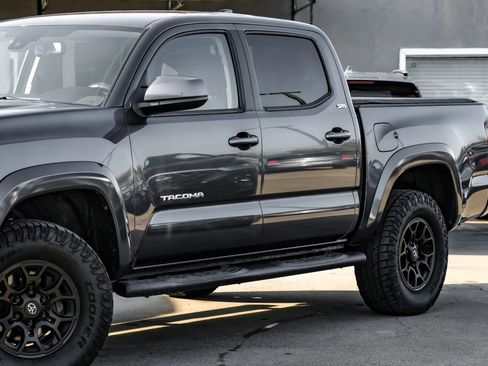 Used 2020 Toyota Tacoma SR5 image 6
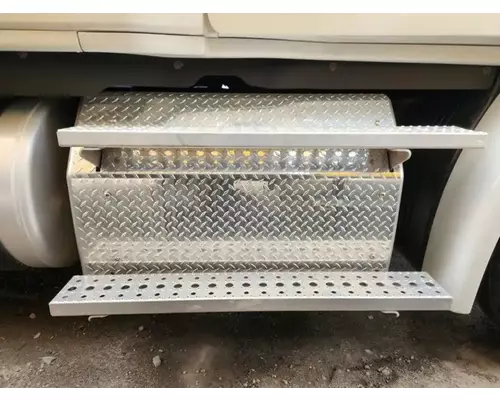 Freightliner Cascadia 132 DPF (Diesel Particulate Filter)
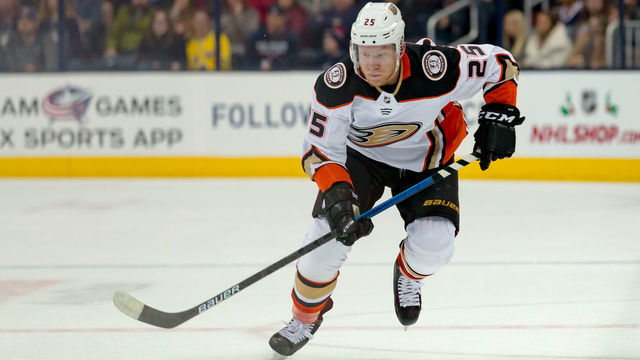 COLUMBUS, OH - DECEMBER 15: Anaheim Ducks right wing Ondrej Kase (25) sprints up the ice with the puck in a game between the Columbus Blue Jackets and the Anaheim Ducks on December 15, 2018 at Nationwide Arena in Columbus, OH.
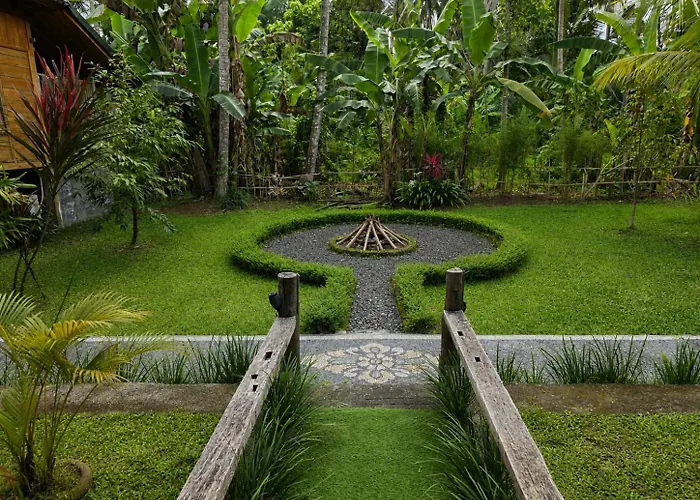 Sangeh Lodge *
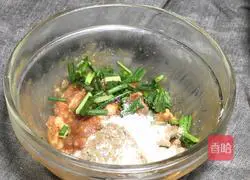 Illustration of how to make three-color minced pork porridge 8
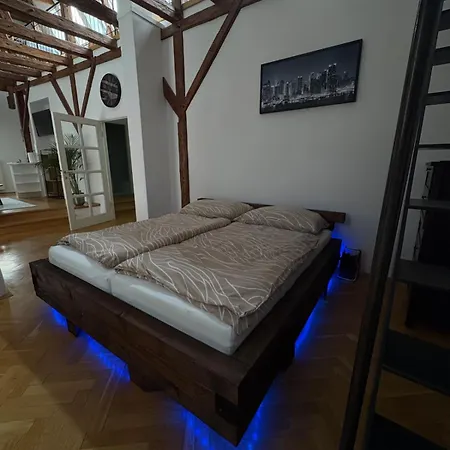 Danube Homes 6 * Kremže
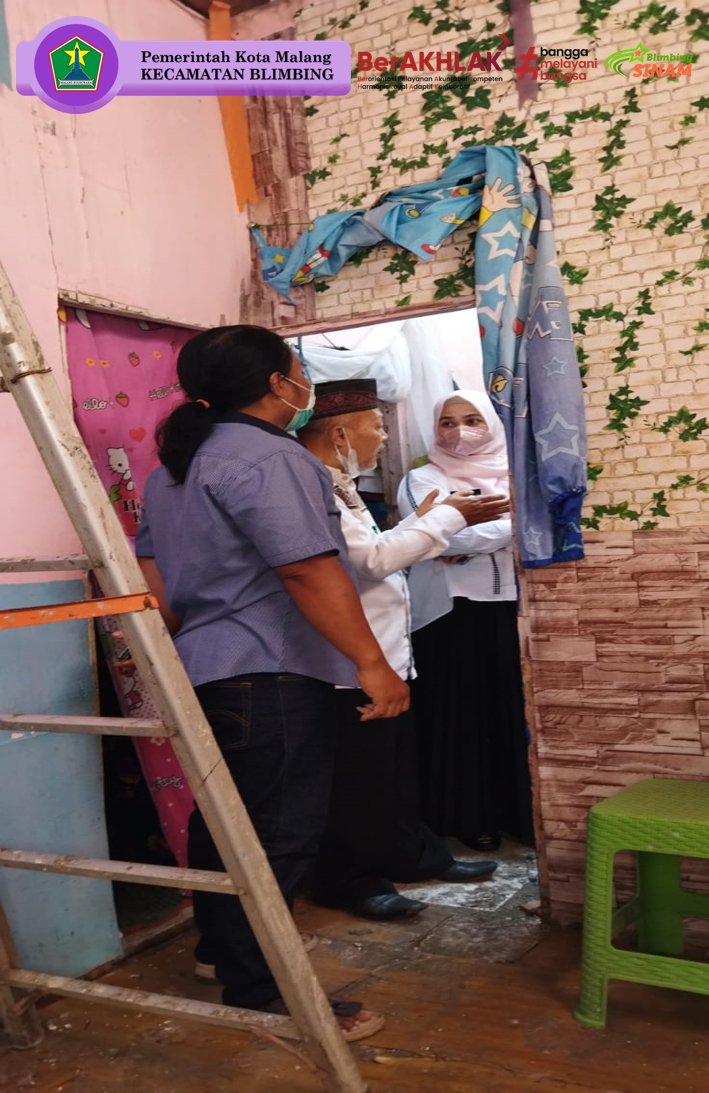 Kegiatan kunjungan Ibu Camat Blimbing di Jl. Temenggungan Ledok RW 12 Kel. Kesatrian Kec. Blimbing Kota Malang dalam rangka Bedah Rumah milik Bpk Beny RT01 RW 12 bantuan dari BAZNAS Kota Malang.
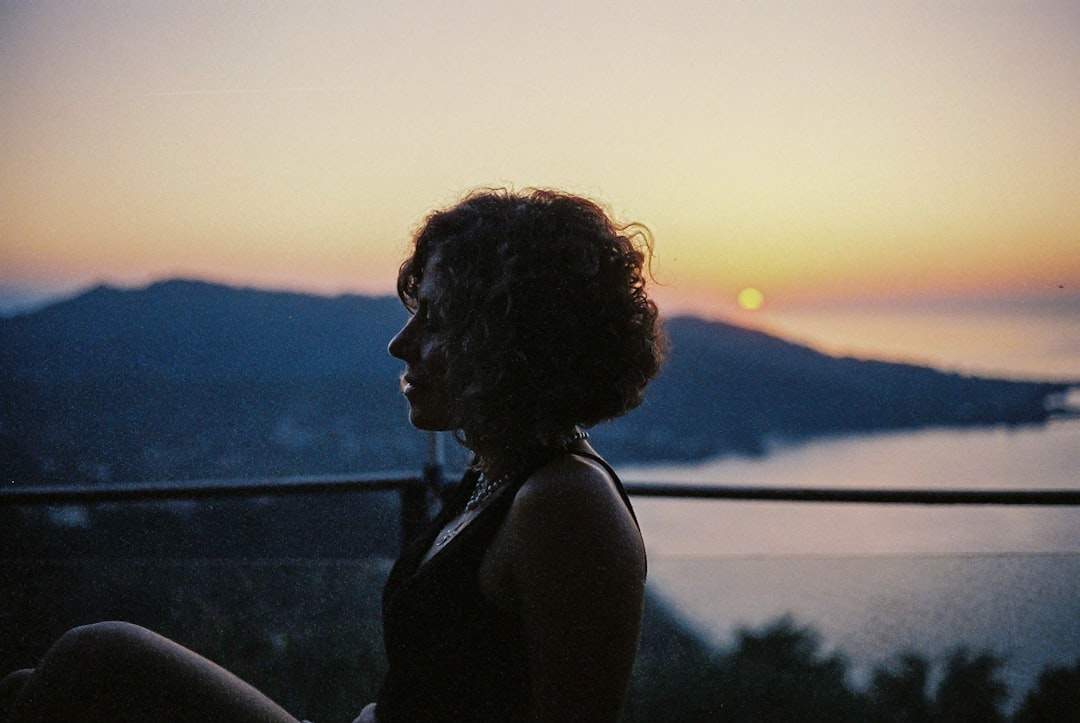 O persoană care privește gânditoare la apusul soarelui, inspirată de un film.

What the exercise asks: Beginning with the line with "COLUMBUS, OH - DECEMBER", repeat the entries above exactly, up to and including the last line, leaving out pictures.

Response:
 COLUMBUS, OH - DECEMBER 15: Anaheim Ducks right wing Ondrej Kase (25) sprints up the ice with the puck in a game between the Columbus Blue Jackets and the Anaheim Ducks on December 15, 2018 at Nationwide Arena in Columbus, OH.
 Sangeh Lodge *
 Illustration of how to make three-color minced pork porridge 8
 Danube Homes 6 * Kremže
 Kegiatan kunjungan Ibu Camat Blimbing di Jl. Temenggungan Ledok RW 12 Kel. Kesatrian Kec. Blimbing Kota Malang dalam rangka Bedah Rumah milik Bpk Beny RT01 RW 12 bantuan dari BAZNAS Kota Malang.
 O persoană care privește gânditoare la apusul soarelui, inspirată de un film.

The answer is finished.